This is a bug, not a feature.

Read the context of that, he said it was unintentional.


And no, the second part shows the airplane was absolutely controllable, had they been competent pilots and not button pushers. The Lion Air Capt was able to keep it safe / stable. His problem was a FO with dyslexia who couldn’t help with jack. In his desperation he gave the FO the controls so he could read the QRH himself. Unfortunately, he didn’t brief the incompetent FO to use the trim switch constantly. FO knew only to push/pull the yoke. All dead.

Ethiopian, stick shaker from the onset at takeoff and 3 times the CA (pilot flying) asked for the AP on! AP on. AP on. That tells you all you need to know that this is a button pushing crew, not an aviator crew. All dead.




More competent pilots should - and would - have handled it properly and made a safe landing. As was shown the day prior for Lion Air.
 
Read the context of that, he said it was unintentional.


And no, the second part shows the airplane was absolutely controllable, had they been competent pilots and not button pushers. The Lion Air Capt was able to keep it safe / stable. His problem was a FO with dyslexia who couldn’t help with jack. In his desperation he gave the FO the controls so he could read the QRH himself. Unfortunately, he didn’t brief the incompetent FO to use the trim switch constantly. FO knew only to push/pull the yoke. All dead.

Ethiopian, stick shaker from the onset at takeoff and 3 times the CA (pilot flying) asked for the AP on! AP on. AP on. That tells you all you need to know that this is a button pushing crew, not an aviator crew. All dead.

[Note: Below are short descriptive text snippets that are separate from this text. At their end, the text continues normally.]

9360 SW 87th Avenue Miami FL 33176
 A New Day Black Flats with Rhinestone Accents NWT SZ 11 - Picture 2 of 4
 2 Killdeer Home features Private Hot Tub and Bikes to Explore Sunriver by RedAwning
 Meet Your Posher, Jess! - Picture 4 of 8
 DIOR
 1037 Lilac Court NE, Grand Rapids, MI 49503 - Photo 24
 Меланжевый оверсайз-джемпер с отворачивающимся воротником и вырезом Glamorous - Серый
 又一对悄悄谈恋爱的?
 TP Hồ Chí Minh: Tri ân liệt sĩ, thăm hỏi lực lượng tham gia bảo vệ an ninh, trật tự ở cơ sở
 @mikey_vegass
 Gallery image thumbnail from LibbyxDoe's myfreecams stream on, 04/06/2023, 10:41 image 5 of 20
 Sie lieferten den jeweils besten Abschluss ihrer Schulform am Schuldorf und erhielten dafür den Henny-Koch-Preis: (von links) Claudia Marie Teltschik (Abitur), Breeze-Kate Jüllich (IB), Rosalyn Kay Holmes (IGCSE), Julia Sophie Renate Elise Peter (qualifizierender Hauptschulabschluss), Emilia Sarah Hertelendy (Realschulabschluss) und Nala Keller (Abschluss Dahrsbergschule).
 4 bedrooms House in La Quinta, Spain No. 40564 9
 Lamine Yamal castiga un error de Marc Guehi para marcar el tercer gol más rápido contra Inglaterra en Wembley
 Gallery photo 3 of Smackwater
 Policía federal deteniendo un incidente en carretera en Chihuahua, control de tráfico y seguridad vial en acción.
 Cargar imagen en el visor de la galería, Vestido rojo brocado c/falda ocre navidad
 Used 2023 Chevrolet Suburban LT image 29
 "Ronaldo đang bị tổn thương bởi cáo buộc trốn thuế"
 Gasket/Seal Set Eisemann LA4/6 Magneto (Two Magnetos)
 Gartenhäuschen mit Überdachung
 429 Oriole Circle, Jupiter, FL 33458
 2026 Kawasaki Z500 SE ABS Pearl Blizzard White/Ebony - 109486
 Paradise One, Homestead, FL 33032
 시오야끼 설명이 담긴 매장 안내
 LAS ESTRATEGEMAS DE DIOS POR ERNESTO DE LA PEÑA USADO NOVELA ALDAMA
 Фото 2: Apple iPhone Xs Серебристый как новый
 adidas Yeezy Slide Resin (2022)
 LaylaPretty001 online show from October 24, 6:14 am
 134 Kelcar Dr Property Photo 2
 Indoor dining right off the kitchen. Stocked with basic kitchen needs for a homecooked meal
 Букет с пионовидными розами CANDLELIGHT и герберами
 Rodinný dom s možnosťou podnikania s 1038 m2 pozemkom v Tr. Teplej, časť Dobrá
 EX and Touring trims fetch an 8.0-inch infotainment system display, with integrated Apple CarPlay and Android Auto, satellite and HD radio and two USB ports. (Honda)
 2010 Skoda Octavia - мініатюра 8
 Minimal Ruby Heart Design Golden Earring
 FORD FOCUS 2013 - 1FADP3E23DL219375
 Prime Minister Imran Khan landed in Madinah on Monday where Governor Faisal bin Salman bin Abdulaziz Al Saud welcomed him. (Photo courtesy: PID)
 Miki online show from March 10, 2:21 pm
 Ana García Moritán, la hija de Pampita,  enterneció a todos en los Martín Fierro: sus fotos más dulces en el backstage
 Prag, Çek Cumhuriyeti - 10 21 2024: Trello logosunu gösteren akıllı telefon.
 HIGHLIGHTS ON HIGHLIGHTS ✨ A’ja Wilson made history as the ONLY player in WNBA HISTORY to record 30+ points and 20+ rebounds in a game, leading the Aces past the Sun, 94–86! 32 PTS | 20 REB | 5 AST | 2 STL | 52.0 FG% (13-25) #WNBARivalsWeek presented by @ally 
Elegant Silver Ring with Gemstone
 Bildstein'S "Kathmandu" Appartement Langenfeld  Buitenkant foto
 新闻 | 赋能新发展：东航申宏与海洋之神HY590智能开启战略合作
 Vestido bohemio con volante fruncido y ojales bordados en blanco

More competent pilots should - and would - have handled it properly and made a safe landing. As was shown the day prior for Lion Air.
While this is true, I don’t think it makes Boeing less culpable.
 
Perhaps lesser competent crews would have figured it out if they’d been told about it

But they were told. After Lion Air, the whole world knew about MCAS. There was a safety alert issued in regards to how to handle the situation. By then, pilots even knew that extending the flaps to 1 would stop MCAS. While I can see Lion Air, there really was no excuse for Ethiopian to happen. They should have cutout the stab trim switches sooner and pulled their throttles back to control the airplane's flight path. But again, this was a button pusher crew, and no where in their noggin did it compute to touch the thrust levers. "It's set where it needs to be!"